The School of Architecture and Urban Planning, as it was called then, had a magical attraction. Its students were believers, dedicated to all-night studio charrettes, a collective esprit not found in the individuated carrels of Firestone Library. And you could talk all the time. There were factions on the faculty — a dean who believed in the importance of social factors in design, geezers still teaching ink washes in the beaux-arts style (thank goodness!), and young luminaries: Graves, Peter Waldman, Tony Vidler, Diana Agrest, Harrison Fraker and others, presciently assembled junior faculty, even a woman!
Michael was the attraction for the school. Young, attractive, almost famous, like a rock star at the cusp of playing stadiums, but still in the small clubs, developing a following. But he was first and foremost a teacher, and for me at least, a very good one. He taught me to see — everything from Depression-era measuring cups and eggbeaters he collected at the Englishtown Fleamarket to Cezanne, the architecture of Borromini, and the gardens of the Villa Lante. I learned the history of architecture as a prologue to the design enterprise. I learned to draw and color as a form of self-expression, and as a way in to the thinking about architecture.
Later on, Michael became very famous. He turned his obsession with domestic physical culture into an empire of easy-grip adorable appliances for Alessi, Target, and other purveyors of Everyman’s stuff. His architecture was forever exploring, not afraid to be figural. He was never an angry Modernist razoring his contexts. The unwholesome elites moved on to expanded mesh and jagged gashing in their environments both civic and suburban. Michael stayed in Princeton. He kept teaching.

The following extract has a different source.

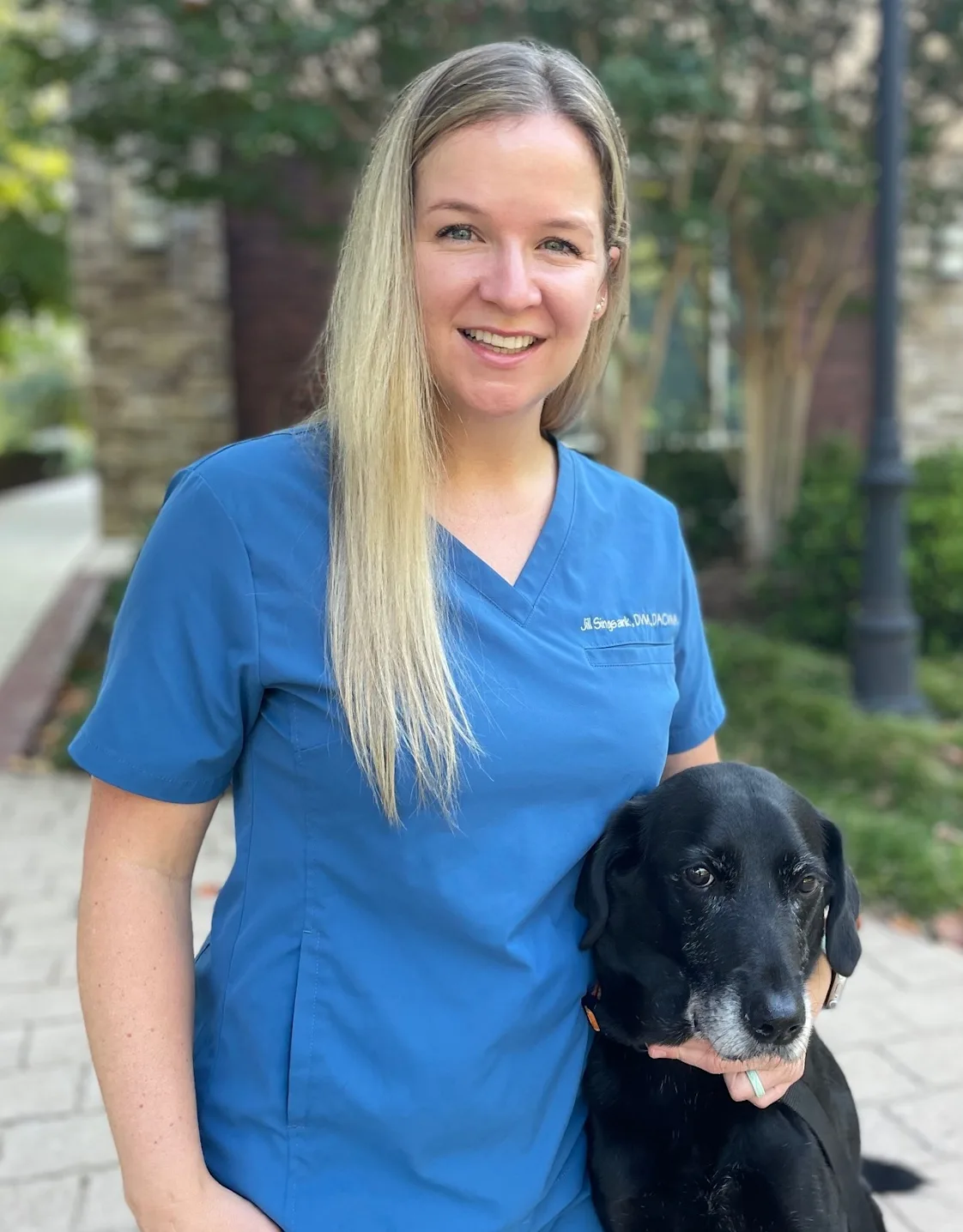 Jill Singsank Jill Singsank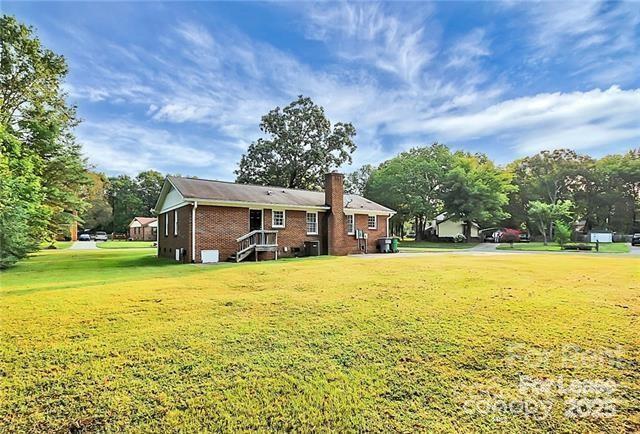 Building Photo - 11820 Antebellum Dr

The ratio of students to faculty favored relationships, and the intimacy of the studio spawned enduring ones. In my M.Arch class (1979) six students married each other. Michael was generous with his time. We were invited to his permanently under-construction Warehouse — at that point quite raw, later the stuff of Architectural Digest. He mentored us, helped us find jobs with others. If we needed recommendations for teaching positions, they were so glowing we had to live up to the hype, justifying his confidence in us with our own effort.
When I talk to others in the profession, I hear different stories. Some recall being ignored. Others say they were somehow damaged. One classmate mentioned the movie Whiplash when I brought up the topic of Graves’s teaching. That is not what I remember. I remember the moments of discovery, gently prodded to a decent organizational structure for my Cenotaph for Albert Einstein. I recall his beautiful squiggles on yellow trace still rolled up with my rather lame Villa Snellman addition.
He gave his blessing to another creation that came out of that studio: our daughter Emily — as if he was the architectural grandfather to our first child.